Le lac avait, en quelques points, une profondeur de trente pieds; mais la profondeur du ruisseau dépassait rarement trois pieds, et sa plus grande largeur était de huit environ. Le fond et les bords étaient semblables à ceux de l'étang; s'il y avait quelque défaut à leur reprocher au point de vue du pittoresque, c'était leur excessive propreté.

L'étendue du gazon était relevée, çà et là, de quelque brillant arbuste, tel que l'hortensia, la boule-de-neige commune, ou le seringat aromatique; ou, plus fréquemment encore, d'un groupe de géraniums, d'espèces variées, magnifiquement fleuris. Ces derniers croissaient dans des pots soigneusement enfouis dans le sol, de manière à leur donner l'apparence de plantes indigènes. En outre, le velours de la pelouse était délicieusement tacheté d'une foule de moutons qui erraient dans la vallée, en compagnie de trois daims apprivoisés et d'un grand nombre de canards d'un plumage brillant.
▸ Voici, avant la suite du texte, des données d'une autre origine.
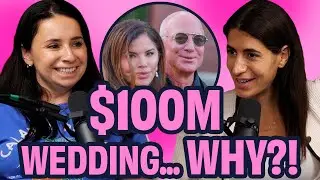 The Jeff Bezos’ Wedding Was WEIRD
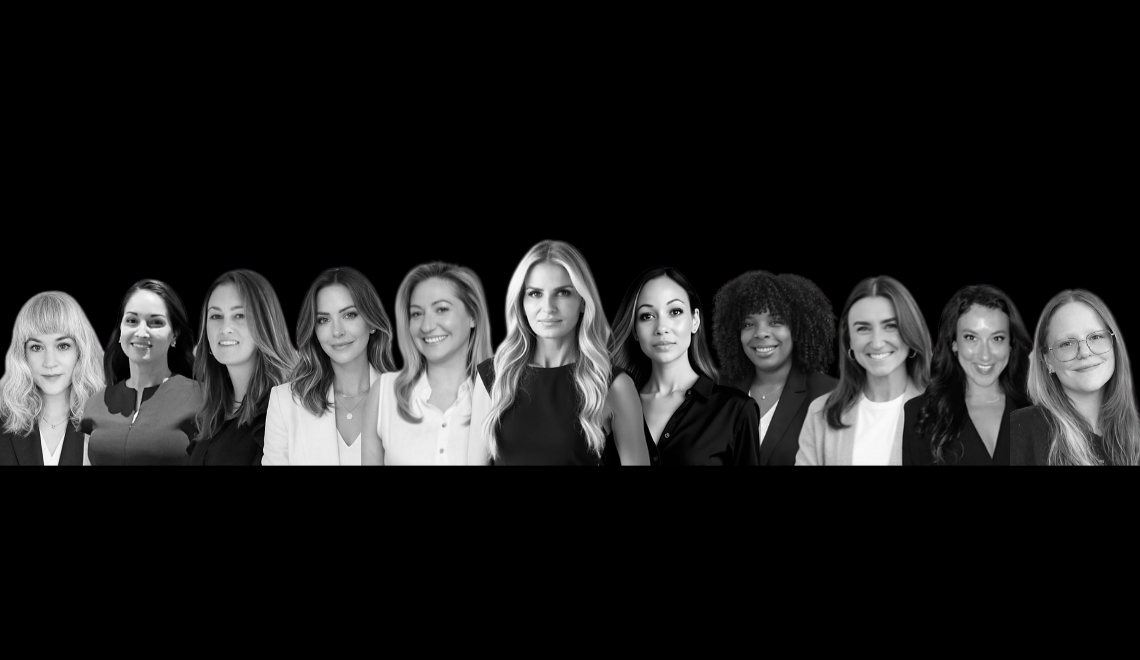 Interior Marketing Group IMG NYC Team - luxury home staging real estate experts - the women of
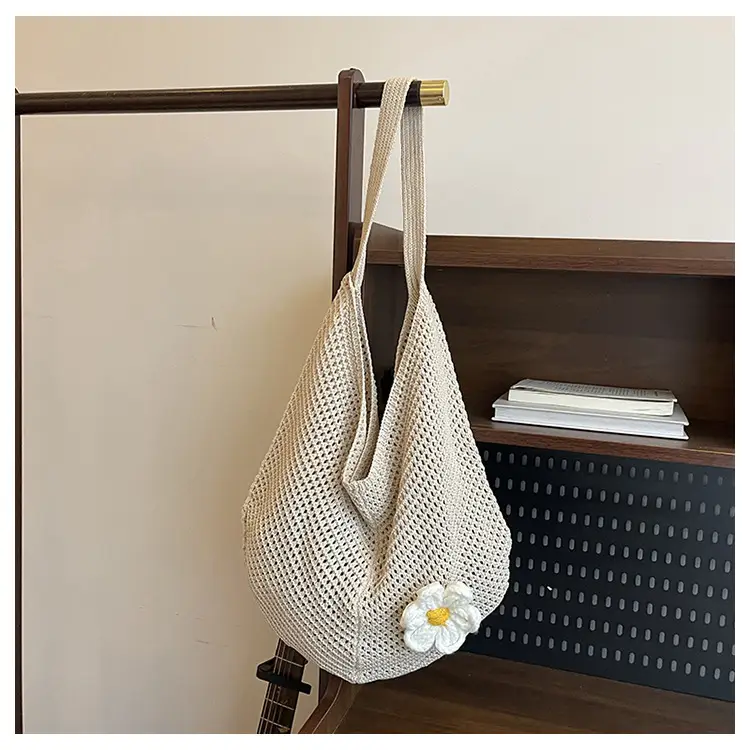 Green Knitted Crossbody Bag for Women 2025 — feature 25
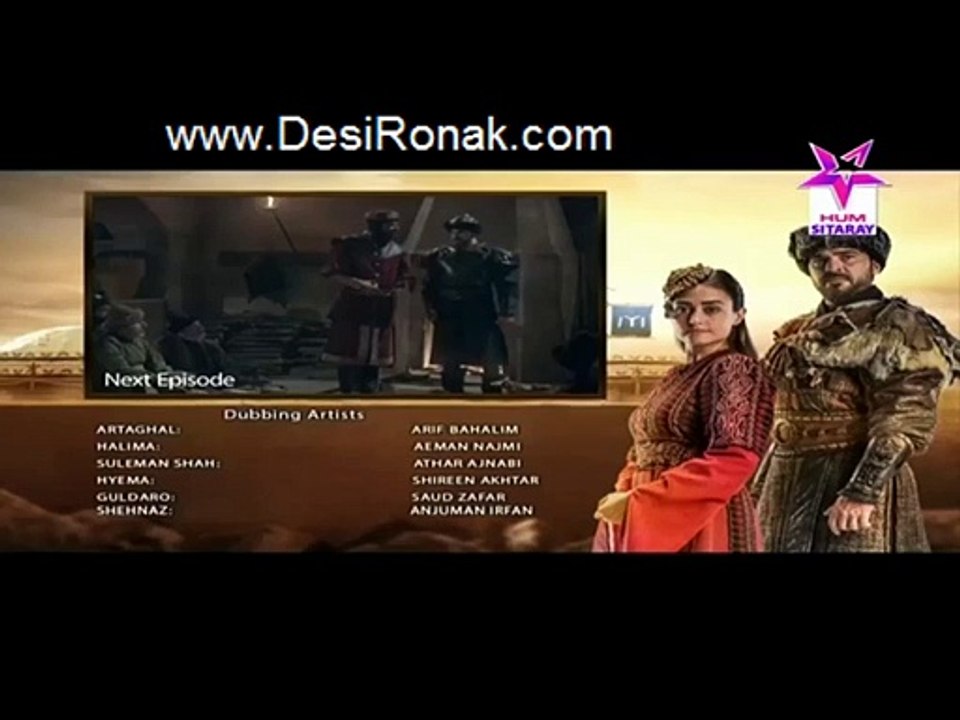 Dirilis Episode 38 - Promo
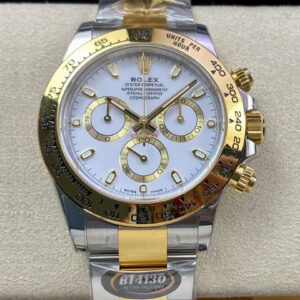 Replica Rolex Daytona M116503-0001 BT Factory Stainless Steel Strap Watch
Un très-gros dogue semblait avoir commission de veiller attentivement sur tous ces animaux, sans exception.

Le long des collines de l'est et de l'ouest, vers la partie supérieure de l'amphithéâtre, là où les limites de la vallée étaient plus ou moins escarpées, le lierre croissait à profusion, de sorte que l'œil pouvait à peine entrevoir çà et là un morceau de la roche nue. De même, le précipice du nord était presque entièrement revêtu de vignes d'une remarquable richesse, quelques-uns des plants jaillissant du sol ou de la base du rocher, et d'autres suspendus aux saillies de la paroi.